Church’s Political Influence Going Up, Poll Shows

Church’s Political Influence Going Up, Poll Shows

Published: August 15, 2012 (Issue # 1722)

MOSCOW — Russians are increasingly aware of the Orthodox Church’s influence on the political life of the country, but are attaching less importance to its teachings, according to a new poll released Tuesday.

Exactly half of those consulted by the state-run VTsIOM pollster said they felt the church’s influence in domestic politics, a six-percent rise over the 2010 figure. Forty-three percent said religious officials shape Russia’s course in international affairs.

But while respondents said the church’s political reach was growing, they said its role in the daily lives of citizens was falling, with 49 percent saying they essentially ignore the church, six percent more than two years ago.
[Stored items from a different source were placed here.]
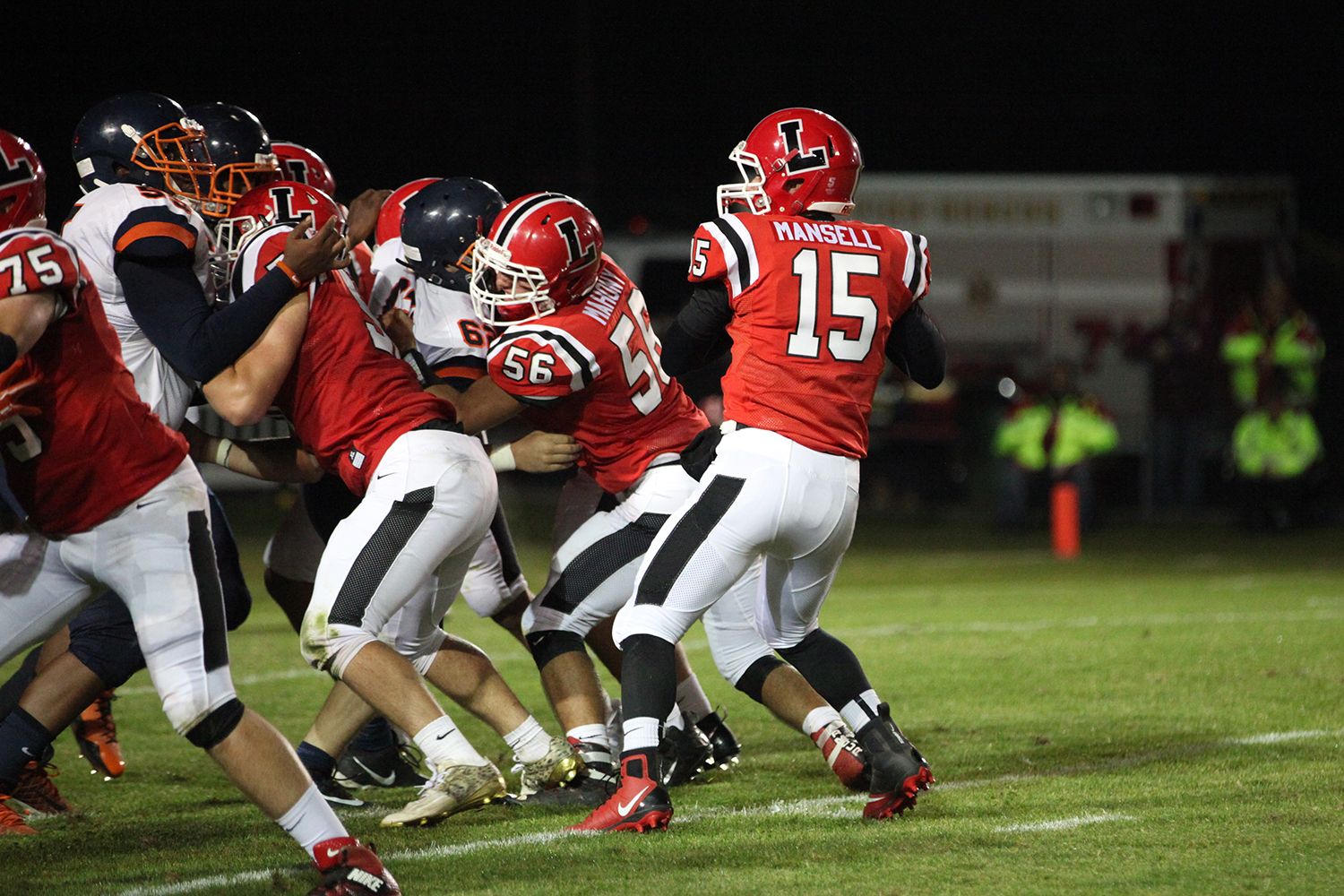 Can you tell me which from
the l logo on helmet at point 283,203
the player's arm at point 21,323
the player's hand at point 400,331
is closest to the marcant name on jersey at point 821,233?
the player's hand at point 400,331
The survey also discovered that 75 percent of Russians believe that the church should not be involved in politics, while roughly one-third said that the church should be limited to speaking only on religious matters.

In general, young Russians (37 percent) and the highly educated (33 percent) backed limiting the church’s sphere of influence. Villagers (22 percent), pensioners (20 percent) and those without higher education (18 to 19 percent) supported a greater role for the church.

VTsIOM pollsters consulted 1,600 people in 46 regions all over Russia for the survey, which was conducted in June. A margin of error of 3.4 percentage points was given for the poll.